Open martinsheldon opened 9 months ago

martinsheldon commented 9 months ago

What happened?

Devices keeps going offline "randomly". Most frequently seen on Develco SPLZB-131 devices but also Hue bulbs/smart plugs, and Aqara door and temperature sensors.

I currently have 7 Develco SPLZB-131 (after removing a couple) that all seems to go offline and online randomly. Sometimes I can turn the device on and off in Z2M to wake it up, other times this is not working. Also powering on and off on the device it self or plugging it in and out may make it online.

When its not working I see this error in the logs: "No network route' (205)"

image

Other devices also has a similar behaviour like Phillips Hue bulbs and smart plugs but not so often. These devices also always (as far as I've noticed) responds to recalling scenes, even when they are offline.

Aqara door and temperature sensors also suddenly stops reporting. Sometimes I can wake them bu clicking the paring button one or few times. Other times I need to repair the device. I've tried pairing directly to the coordinator and to the nearest router but I don't see any difference in behaviour.

Currently I'm running Z2M as an addon in Home Assistant but I've also testet running it in docker on a Unraid system. No difference as far as I can tell.

I'm using the Slaesh's stick CC2652RB and have approx 120 devices. 75 router devices, 45 end devices.

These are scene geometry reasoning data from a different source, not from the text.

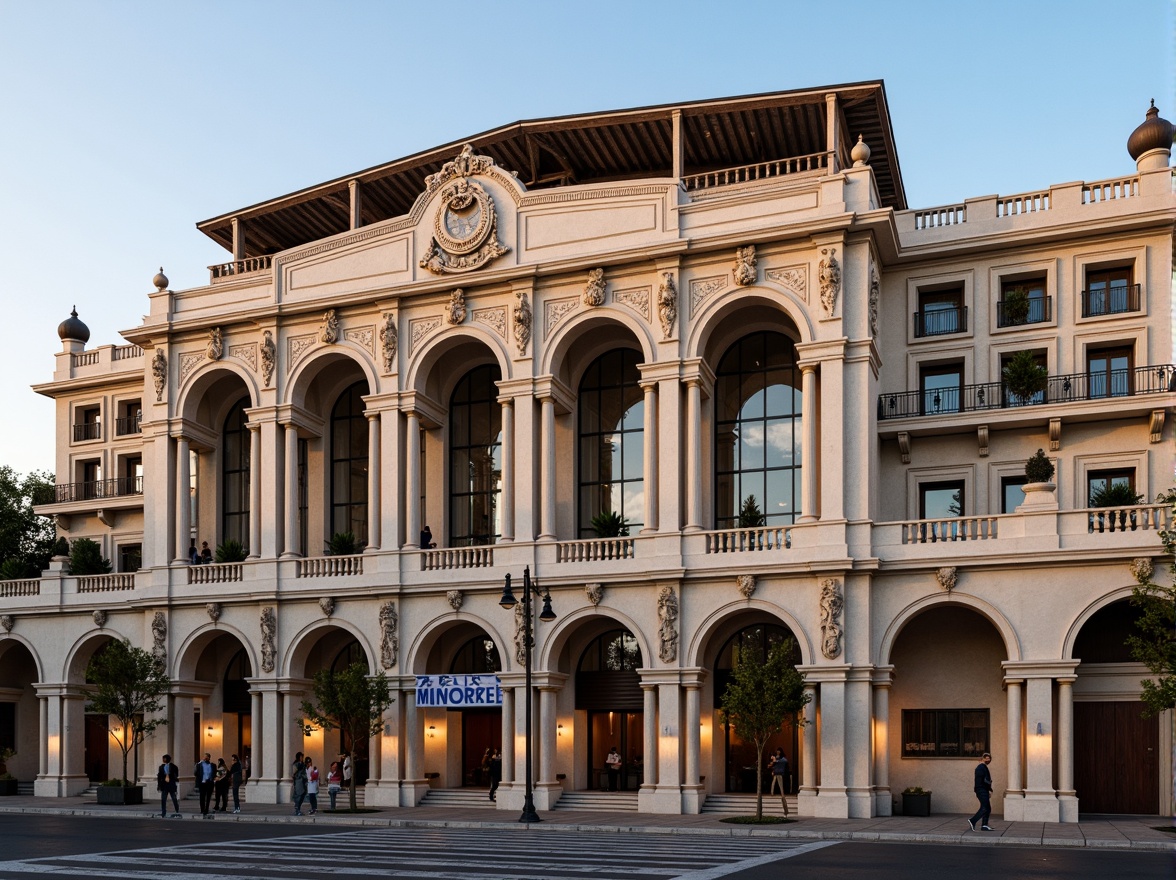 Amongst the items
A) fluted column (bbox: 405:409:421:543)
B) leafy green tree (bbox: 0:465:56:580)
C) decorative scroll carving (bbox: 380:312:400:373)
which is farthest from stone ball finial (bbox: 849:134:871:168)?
leafy green tree (bbox: 0:465:56:580)

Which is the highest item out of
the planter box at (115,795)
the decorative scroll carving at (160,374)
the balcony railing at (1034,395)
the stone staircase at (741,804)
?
the decorative scroll carving at (160,374)

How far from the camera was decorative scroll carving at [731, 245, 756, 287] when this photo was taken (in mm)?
38406

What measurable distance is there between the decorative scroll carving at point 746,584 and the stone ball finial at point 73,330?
37303 mm

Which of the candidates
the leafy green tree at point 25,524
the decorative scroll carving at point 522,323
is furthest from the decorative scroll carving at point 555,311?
the leafy green tree at point 25,524

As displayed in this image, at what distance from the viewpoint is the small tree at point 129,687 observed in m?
43.1

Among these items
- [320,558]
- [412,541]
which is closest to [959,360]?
[412,541]

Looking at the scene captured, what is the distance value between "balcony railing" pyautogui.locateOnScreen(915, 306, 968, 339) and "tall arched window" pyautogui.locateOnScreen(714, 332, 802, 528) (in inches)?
163

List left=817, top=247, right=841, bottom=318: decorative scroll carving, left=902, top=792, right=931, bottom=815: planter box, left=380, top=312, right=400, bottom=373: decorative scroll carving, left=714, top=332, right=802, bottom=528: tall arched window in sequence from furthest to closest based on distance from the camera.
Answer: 1. left=380, top=312, right=400, bottom=373: decorative scroll carving
2. left=714, top=332, right=802, bottom=528: tall arched window
3. left=817, top=247, right=841, bottom=318: decorative scroll carving
4. left=902, top=792, right=931, bottom=815: planter box

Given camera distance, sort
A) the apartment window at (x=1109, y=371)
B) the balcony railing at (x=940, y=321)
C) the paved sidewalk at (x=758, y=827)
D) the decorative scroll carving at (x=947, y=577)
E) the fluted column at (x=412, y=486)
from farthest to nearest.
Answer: the fluted column at (x=412, y=486) → the balcony railing at (x=940, y=321) → the apartment window at (x=1109, y=371) → the decorative scroll carving at (x=947, y=577) → the paved sidewalk at (x=758, y=827)

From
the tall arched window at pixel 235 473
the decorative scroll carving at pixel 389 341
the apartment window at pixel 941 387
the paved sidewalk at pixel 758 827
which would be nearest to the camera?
the paved sidewalk at pixel 758 827

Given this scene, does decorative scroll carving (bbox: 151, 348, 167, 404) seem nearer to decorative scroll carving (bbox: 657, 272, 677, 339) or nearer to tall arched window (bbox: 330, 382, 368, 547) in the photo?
tall arched window (bbox: 330, 382, 368, 547)

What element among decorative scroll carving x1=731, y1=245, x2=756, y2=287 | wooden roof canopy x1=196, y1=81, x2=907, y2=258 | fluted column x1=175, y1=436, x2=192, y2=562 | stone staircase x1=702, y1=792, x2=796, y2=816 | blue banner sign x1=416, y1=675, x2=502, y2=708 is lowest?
stone staircase x1=702, y1=792, x2=796, y2=816

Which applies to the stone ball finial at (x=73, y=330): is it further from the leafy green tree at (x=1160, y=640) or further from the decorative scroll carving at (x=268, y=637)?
the leafy green tree at (x=1160, y=640)

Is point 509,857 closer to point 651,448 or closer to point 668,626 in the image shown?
point 668,626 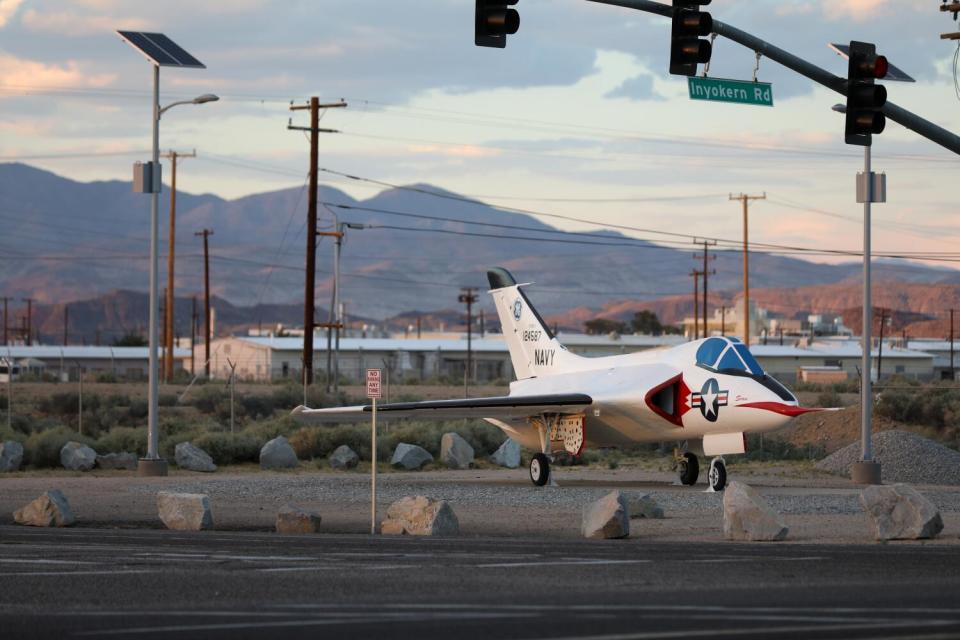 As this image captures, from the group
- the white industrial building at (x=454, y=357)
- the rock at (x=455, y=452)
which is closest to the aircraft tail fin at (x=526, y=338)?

All spread around the house, coverage should be more than fine.

Two weeks ago I've also updated the FW on the coordinator but I see no difference.

Any idea what might be causing these issues? Its been pretty much stable for a long time but lately I've seen this behaviour all the time.

What did you expect to happen?

No response

How to reproduce it (minimal and precise)

No response

Zigbee2MQTT version

1.35.3-1

Adapter firmware version

20230507

Adapter

Slaesh's stick CC2652RB

Setup

Add on Home Assistant OS. HAOS running in a VM in Proxmox

Debug log

No response

stefsims commented 9 months ago

I have same issues, but only with IKEA bulps in a mixed environment (Aqara, Sonoff, HUE, IKEA.....) It was stable before 1.35.X Zigbee2mqtt in Proxmox and a Sonoff 3.0 P Controller and Z2M are up to date.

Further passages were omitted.